Haha that figures. But I'd be ok with that. I want nothing more than to move somewhere up in the Rockies and just hide away in my own little cabin on self sustaining farming. But alas... Boyfriend has a son with a woman in Texas that we will not leave behind, so ill have to wait until we're retired or something changes. :/


----------



## n8gnf

Some of my kids and fosters


----------



## MaransGuy

I like the Black one.


----------



## kaufranc

I like the black one too!
Is it part Newfy?


----------



## jennifer

My sweet old girl Montana..


----------



## ChickenAdmin

powderhogg01 said:


> View attachment 12767
> 
> 
> View attachment 12768
> 
> 
> View attachment 12769
> 
> 
> View attachment 12770
> 
> 
> View attachment 12771
> 
> 
> Just a day at work in the Rockies.


That looks like rural Colorado. Am I right?


----------



## leviparker

Here are some geese at my friends pond, took the picture just at the right time .


My little reds waiting on the roosters consent.


----------



## powderhogg01

Austin said:


> That looks like rural Colorado. Am I right?
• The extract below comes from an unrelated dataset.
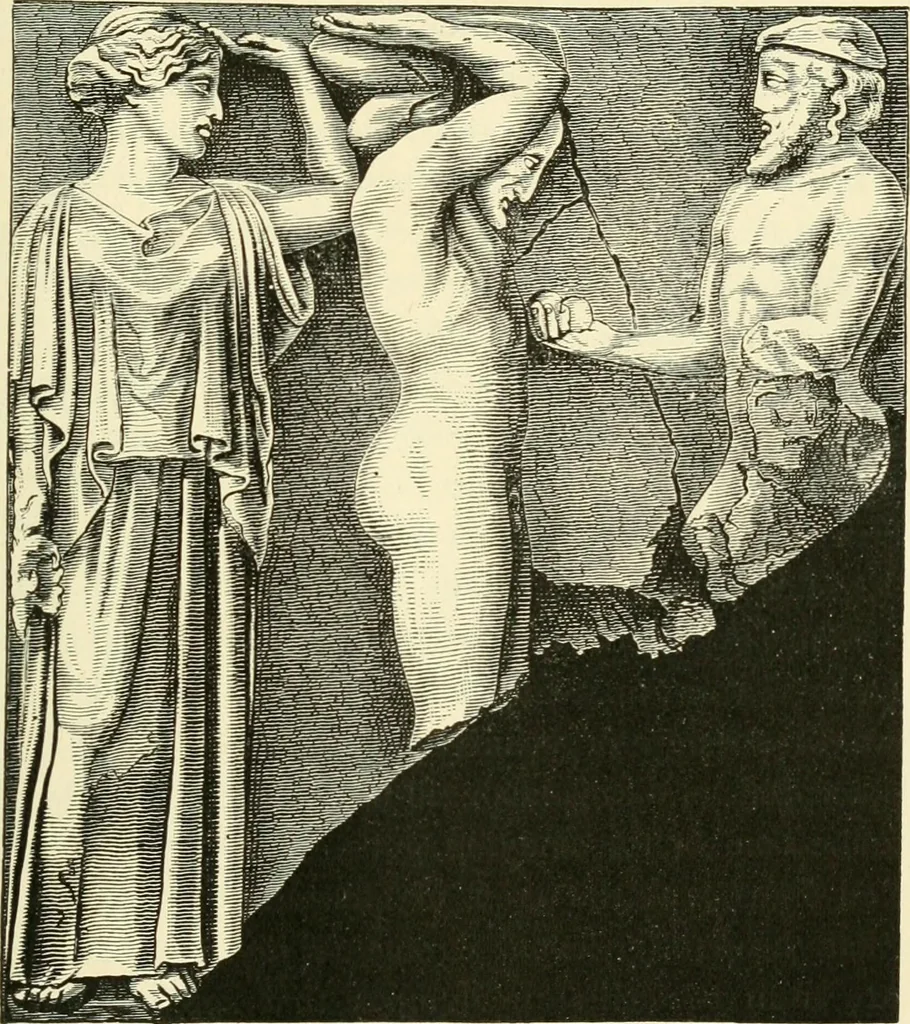 An illustration from Museum of antiquity : a description of ancient life : the employments, amusements, customs and habits, the cities, palaces, monuments and tombs, the literature and fine arts of 3,000 years ago, 1882, leaf 568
You sir are indeed correct. Love this valley.. It's nice..


----------



## ChickenAdmin

I love that area too. My family vacationed there when I was a kid. I have fond memories of waking up in the mountains.


----------



## ten-acre-farms

Pretty chick nesting in a glass dish. She's so glassey!


----------



## InThePoultryPens

My lovely west highland white terrier Ozzy


----------



## ChickenAdmin

That looks like the dog from the Caesar commercials.


----------



## InThePoultryPens

Same type he's 8 years old and acts like a puppy


----------



## InThePoultryPens

Me with my chicken mable


----------



## InThePoultryPens

Sorry it didn't work but here's me and Mabel


----------



## MaransGuy

leviparker said:


> Here are some geese at my friends pond, took the picture just at the right time .
> 
> My little reds waiting on the roosters consent.


beautiful!


----------



## leviparker

These are my three month old Rhode Island reds


----------



## MaransGuy

Very nice.


----------



## leviparker

Sorry the pictures are so bad


----------



## kaufranc

I have created a monster! I feed Black Lady on the porch yesterday. Today I hear tapping on the door . Sure enough she is looking for a treat! I can't resist and I give her a bowl of Mac N Cheese! They are no dummies!


----------



## Itsacutefuzzball

kaufranc said:


> I have created a monster! I feed Black Lady on the porch yesterday. Today I hear tapping on the door . Sure enough she is looking for a treat! I can't resist and I give her a bowl of Mac N Cheese! They are no dummies!


Lol Kaufranc!


----------



## MaransGuy

lol! Sweetness!


----------



## leviparker

This is baldy


----------



## Apyl

We had a bunch of Cranes fly over head over the weekend. Its was really windy so not sure if the wind was messing them up or if they somehow got confused, but they flew around in circles about the house for about 5 minutes. I took a ton of pics, here are a couple.


----------



## MaransGuy

Here is my Red American Game stag. His dad is the Grey. They are both beautiful in my opinion, but the Red is my favorite.


----------



## LittleWings

I like the Red one too. His tail feathers are so wide! That Grey is awesome too.


----------



## MaransGuy

I know! I love the way his tail feathers do. I like how his hackle and saddle feathers look orange like. I love that guy!


----------



## Hollowmoon

(yes I am a teenager) A Youth Season Tom

~Olivia


----------



## will

Pic from my little farm


----------



## MaransGuy

Here's a recent pic of my American Game rooster and his hens.


----------